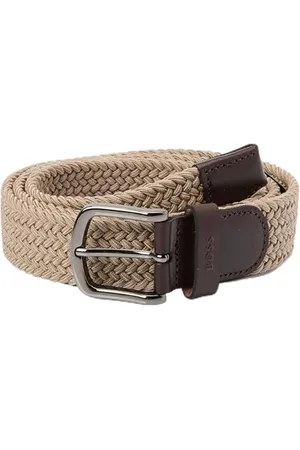 HUGO BOSS Męskie paski szarfa-Wn-Tx_Sz35, jasno/pastelowy brąz, 90, , 90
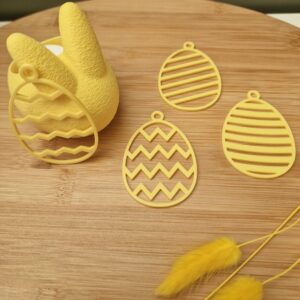 Paasdecoratie ei vlak (geel)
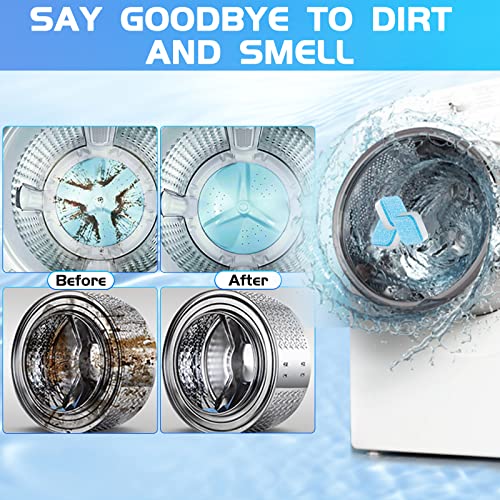 Dorpetly Washing Machine Cleaner, 32 Tablets Washer Machine Cleaner Household Supplies, Deep Cleaning Tablets For Front Loader, Top Load Washer And He #TOP2
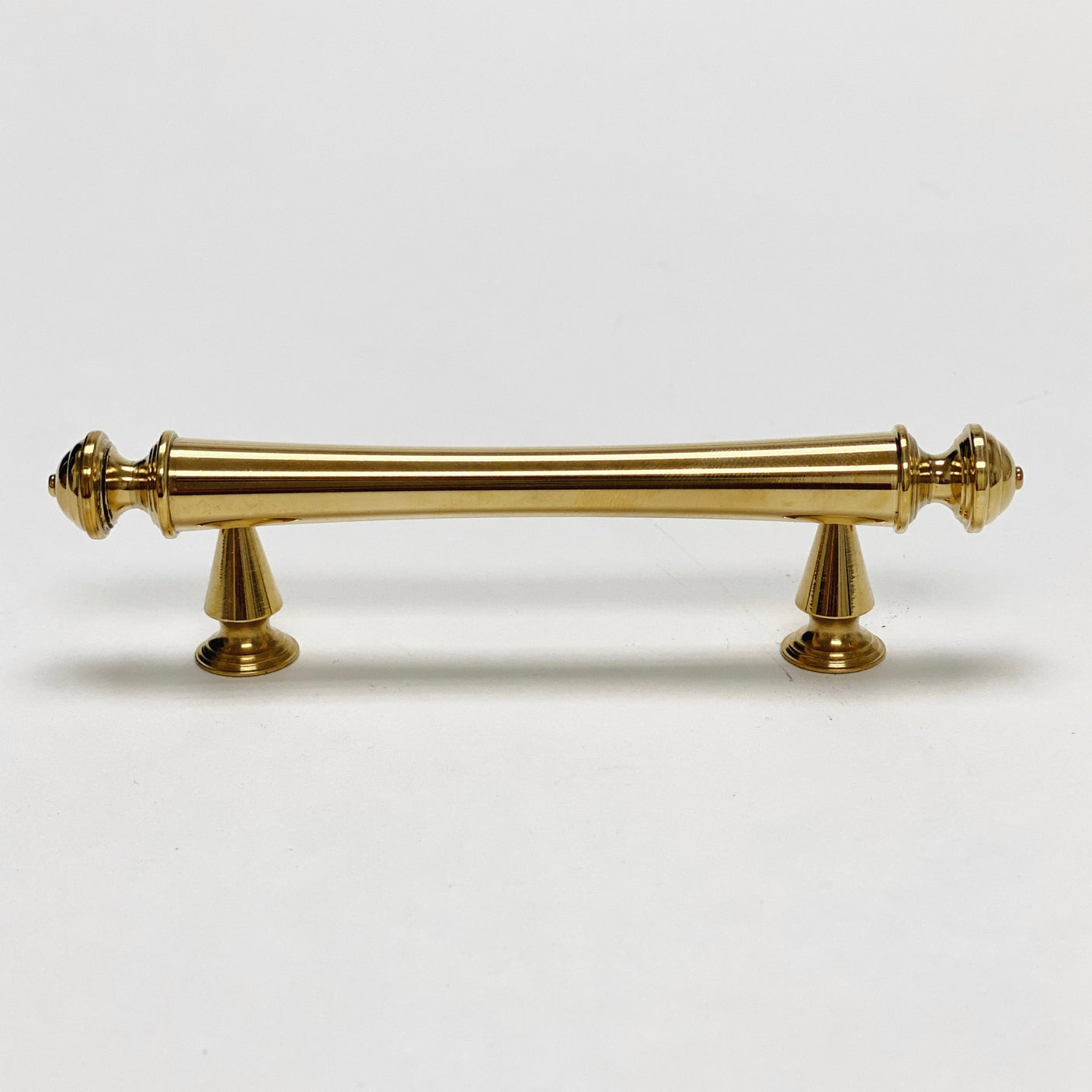 Unlacquered Brass "Emmeline" Cabinet Knobs and Drawer Pull - Forge Hardware Studio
-.-.-
■ **Task requirements**
Replicate the material above verbatim; images stay out of the copy.

■ **Written response**
 HUGO BOSS Męskie paski szarfa-Wn-Tx_Sz35, jasno/pastelowy brąz, 90, , 90
 Paasdecoratie ei vlak (geel)
 Dorpetly Washing Machine Cleaner, 32 Tablets Washer Machine Cleaner Household Supplies, Deep Cleaning Tablets For Front Loader, Top Load Washer And He #TOP2
 Unlacquered Brass "Emmeline" Cabinet Knobs and Drawer Pull - Forge Hardware Studio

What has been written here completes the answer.